Shortcut to bulk rna-seq protocol
Shortcut to single cell protocol
Link to Cloud-based RNA-Seq web application
CellNet is a network-biology-based, computational platform that assesses the fidelity of cellular engineering and generates hypotheses for improving cell derivations. CellNet is based on the reconstruction of cell type-specific gene regulatory networks (GRNs), which we performed using publicly available RNA-Seq data of 16 mouse and 16 human cell and tissue types. For now, there are two ways to run CellNet for RNA-Seq data. You can run it as a command line tool on the cloud through Amazon Web Services (recommended), or you can run it locally (not recommended). Here we provide a 'bare-bones' walk-thru of how to apply CellNet to your RNA-Seq data.

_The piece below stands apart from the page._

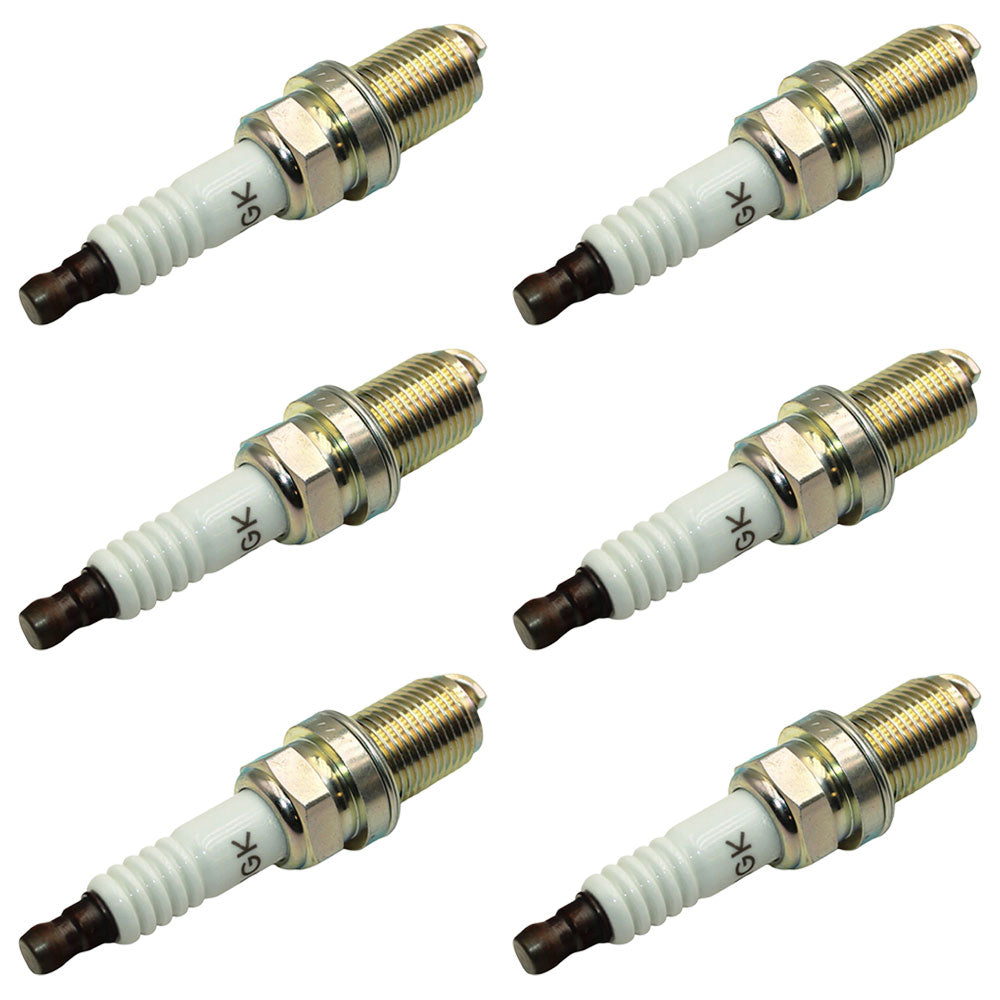 1716 Qty 6: Spark Plug Fits Murray 11A-A1BF758 11A-A2BA758 11A-A2BF758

The public CellNet Amazon Machine Image (AMI), available on Amazon Web Services (AWS), has all of the prerequisite software and libraries pre-installed. Because of this and the scalable computing capacity of AWS, we highly recommend that you use AWS to run CellNet for RNA-Seq data instead of running it locally. If you are unfamiliar with AWS or cloud computing in general, we recommend the following links for further information:
- Cloud Computing concepts
- Amazon's Elastic Compute Cloud (EC2)
- Amazon Machine Images
- Amazon's Simple Storage Service (S3)
The CellNet AMI (CellNet ami-62065e75) is available in the AWS US East 1 region (N. Virginia region). Running CellNet on AWS requires uploading your raw data (in the form of .fastq files) either directly to your running instance on AWS EC2, or to S3 and then to your instance. To learn about transferring your fastq files directly to your instance, see Transferring files to Linux machines using SCP. Note that Amazon charges by the hour for compute resources ($1.68/hour for a c3.8xlarge EC2 instance type). On average, it takes up to 2 hours to run a complete CellNet analysis for 144GB of raw data (9 samples of 16GB each).
Alternatively, you can run CellNet locally. The steps to do this are covered in our protocol. You will need to install the following command line software:
If you are using Mac OS, this can be done easily with PIP and Homebrew.
Cloud-based RNA-Seq web application
At the heart of CellNet is the Random Forest Classifier. This is the algorithm that will classify the results of a cell fate experiment. To analyze your own expression data with CellNet, you need a trained CellNet classifier object, which we refer to as a cnProc (CellNet Processor). You can select and use the appropriate cnProc that we have generated from the list below. You can also make your own using the code we provide here. This is useful if you want to add more cell types, or if you want to train up a cnProc for a different species. Note: generating a human cnProc requires a lot of computing power. In general, it should be generated using an EC2 instance - it is probably not a good idea to try performing this locally.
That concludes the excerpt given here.